En vérité la France a aujourd’hui déjà perdu son triple A. En anticipant la dégradation de sa note les marchés contribuent à la dégradation effective. Cette situation ne sera pas tenable longtemps. On est dans le domaine de l’attaque spéculative sur la dette Française. Nicolas Sarkozy déclarait il y a peu « Si la France perd son triple A, je suis mort » (Mediapart). Le président a donc fait du maintien de la note Française un objectif majeur des derniers mois de son mandat, et l’anticipation de la rétrogradation Française – matérialisée par l’explosion du « spread » – ne fait bien évidemment pas ses affaires. Si la France est rétrogradée (ou tout comme) avec un gouvernement de droite, satisfaisant les obligations d’austérité demandées par les marchés, nous n’osons imaginer ce qu’il arrivera si François Hollande est élu en 2012 ! Le pays risque de subir le même genre d’attaque des marchés que lors de l’élection de François Mitterrand en 1981 ou de Roosevelt aux États-Unis en 1932. Le chantage des marchés financiers est donc simple: toujours plus d’austérité ou la mort. Et c’est ce que nos dirigeants font en Europe depuis deux ans…

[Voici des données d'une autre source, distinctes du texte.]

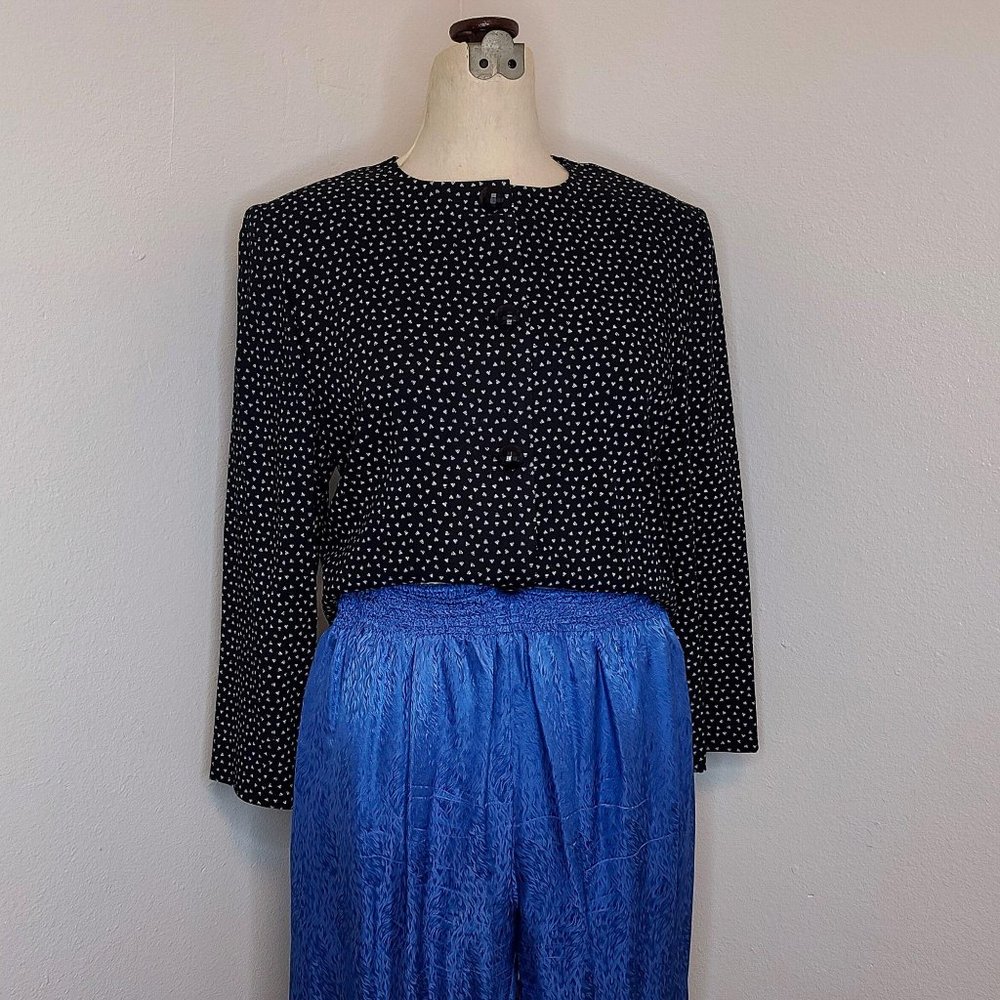 Vintage long sleeve jacket/blouse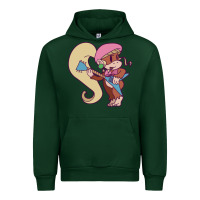 Forest Green cute guitarist dixie kong Urban Hoodie - linhVisuals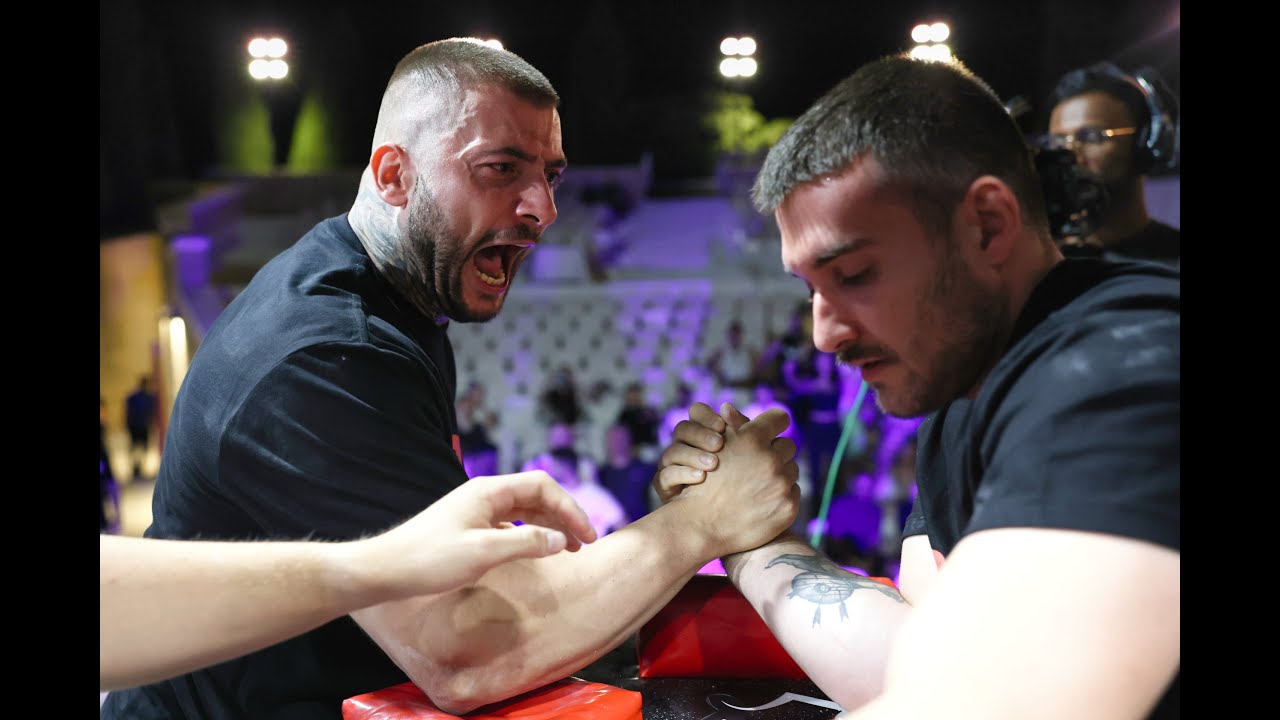 World Arm Wrestling Title Match 85kg.  Bozhidar Simeonov vs Kersten Mercieca.  Rage Kombat: Inferno
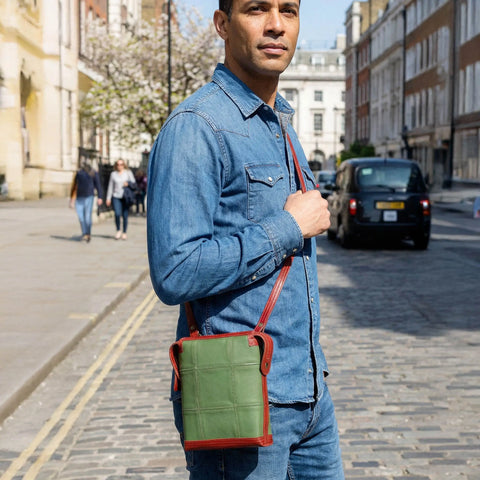 Saddle Bag | Leather & Fire-hose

Ces plans de rigueurs tuent pourtant incontestablement notre croissance et sans croissance il est impossible de trouver les fonds pour rembourser notre dette. C’est en cela que le remède est pire que le mal. Il y a pourtant deux solutions pour régler un problème d’endettement: diminuer les dépenses (c’est à dire l’austérité) ou augmenter les recettes. Étonnamment il n’y a pas grand monde aujourd’hui pour envisager cette deuxième solution. Et pourtant… cela fait 15 ans que les recettes des états Européens diminuent par l’intermédiaire des baisses d’impôts, essentiellement à destination des plus riches et des grandes entreprises. En France par exemple c’est plus de 100 milliards d’Euro de manque à gagner pour l’État ces 10 dernières années (de 2000 à 2009) à cause des allègements de charge successivement consentis (source: rapport Carrez Juin 2010). La solution pourrait donc être relativement simple: réglons la dette par une augmentation des recettes en revenant sur les avantages fiscaux accordés ces dernières années aux citoyens les plus fortunés et aux grandes entreprises. Une idée pour un candidat alternatif en 2012 ?
Les peuples Européens doivent donc impérativement se réapproprier le pouvoir confisqué jusqu’à présent par la finance internationale. La monnaie unique nécessite sans doute plus de fédéralisme, mais l’Europe doit au préalable démocratiser ses institutions, à commencer par la Commission Européenne. Le cas échéant nous nous exposons à deux risques majeurs:
- Les solutions imposées par les marchés ne servent que leur seul intérêt. Nous le voyons bien avec les plan de rigueurs, ils ne font que ruiner nos espoirs de croissance, augmenter le problème de la dette, et rendre les états encore plus dépendant d’eux.
- Si les décisions majeures sont prises sans l’accord des citoyens Européens, nous risquons une explosion du sentiment anti-Européen, qui n’a cessé ne progresser dans l’opinion depuis le vote du « non » à la Constitution Européenne en 2005.